Based on the predictive data from our molecular modeling and druglikeness algorithm studies, we prepared two groups of tetrazolylstilbenes, 8a-8h, and 10a and 10b, which were obtained by converting the nitrile group in previously reported cyanostilbenes 7a-7h, and 9a and 9b into the corresponding tetrazole moiety (i.e. compounds 8a-8h and 10a and 10b) to determine if this regiospecific structural change would maintain anticancer/antitubulin activity and improve druglikeness.
Results and discussion
The general procedures for the synthesis of tetrazolyl analogues 8a-8h, and 10a and 10b are illustrated in Scheme 1 & 2. The synthetic strategy was based on our previous studies, which reported on a novel tributyltin azide-mediated synthesis of 1H-tetrazolyl-trans-stilbenes from cyano-trans-stilbenes utilizing tributyltin azide as a Lewis acid in a 1,3-dipolar [3+2] cycloaddition of azide to the cyano group of the cyanostilbene precursor.35 Thus, cyanostilbenes 7a-7h and 9a and 9b were individually reacted with tributyltin chloride and sodium azide in the presence of DMF at 130 °C for 12-20 h to afford the corresponding tetrazolylstilbene analogues 8a-8h, and 10a and 10b, respectively, in 50-75% yield.
Scheme 1:
Synthesis of tetrazolylstilbene analogues 8a-8h from precursor cyanostilbenes 7a-7h
Scheme 2:
Synthesis of tetrazolylstilbene analogues 10a and 10b from precursor cyanostilbenes 9a and 9b
Anticancer activity of tetrazolylstilbene analogues 8a-8h, and 10a and 10b against a panel of sixty human cancer cell lines (NCI-60 panel)

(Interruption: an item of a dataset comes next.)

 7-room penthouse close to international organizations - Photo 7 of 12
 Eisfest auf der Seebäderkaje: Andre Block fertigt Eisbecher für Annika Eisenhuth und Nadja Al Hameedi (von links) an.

The tetrazolylstilbenes were initially evaluated for their anticancer activity against a panel of 60 human tumor cell lines at a single concentration of 10−5 M utilizing the procedure of Rubinstein et al.38 This panel was comprised of nine subpanels of leukemia, non-small cell lung, colon, central nervous system, melanoma, ovarian, renal, prostate, and breast cancer cell lines. Growth inhibition was measured from optical density measurements of sulforhodamine B-derived color before and after 48 h exposure to test compound or control vehicle. The single-dose data reports the percent growth of the drug-treated cells relative to vehicle control (non-drug treated cells), and relative to the “time zero” number of cells. The resulting growth percent is then used to calculate both growth inhibition (values between 0 and 100) and lethality (values less than 0).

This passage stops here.